En tout une note de 17 pages, élaborée visiblement sans la soumettre aux parties prenantes.

Sur ces 17 pages, il y a d’abord 13 pages de présentation du dossier, présenté par le CNDP comme un " dossier technique " additionnant les points de vue contradictoires de façon faussement objective.

L’on sait bien qu’aucune présentation des faits n’est neutre, surtout quand cette présentation représente 14 pages sur 17, là où la présentation des votations suisses se résume de façon « brève et neutre » en une page et où les commentaires des partisans et opposants d’une initiative représentent l’essentiel de la brochure explicative que reçoivent les électrices et électeurs.

Après, donc, un conséquent dossier de 13 pages présentant les enjeux du projet d’aéroport, il y a une demi page pour l’analyse des opposants, suivi de l’avis des experts du CGEDD (Conseil général de l’environnement et du développement durable 3) dont Christian Leyrit, le Président de la CNDP fut le vice-président.

Ensuite une page est consacrée aux « nuisances aériennes dans l’agglomération nantaise ». La page 16 présente un résumé des arguments " pour " et " contre ". La dernière page expose les liens vers les sites des opposants et des partisans de l’aéroport, complétés par des liens vers l’État et les maîtres d’ouvrages et les rapports et commission d’experts et du CNDP.

Les opposants soulignent que le président de la CNDP, Christian Leyrit, nommé par le Parlement sur proposition du premier ministre, après une carrière dans l’équipement chargé plus particulièrement des routes et des autoroutes n’apparaît pas particulièrement bien placé pour présider un tel débat.
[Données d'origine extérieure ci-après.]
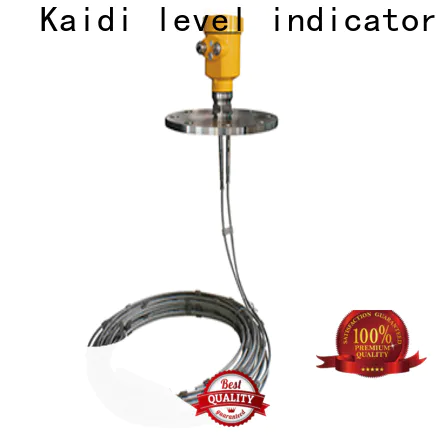 KAIDI radar level transmitter manufacturers for work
L’ACIPA (L’Association citoyenne intercommunale des populations concernées par le projet d’aéroport de Notre-Dame-des-Landes) s’inquiète en outre de la possible connivence entre Christian Leyrit et Bernard Lassus, un acteur clef du projet d’aéroport.

François Hollande a déclaré « Si c’est " oui " et que la population veut cet aéroport, alors tout le monde devra accepter cette décision. Et si c’est " non ", c’est un projet porté par l’Etat, et l’Etat en tirera les conséquences ».

Il a pris soin de bien baliser le chemin du " oui ".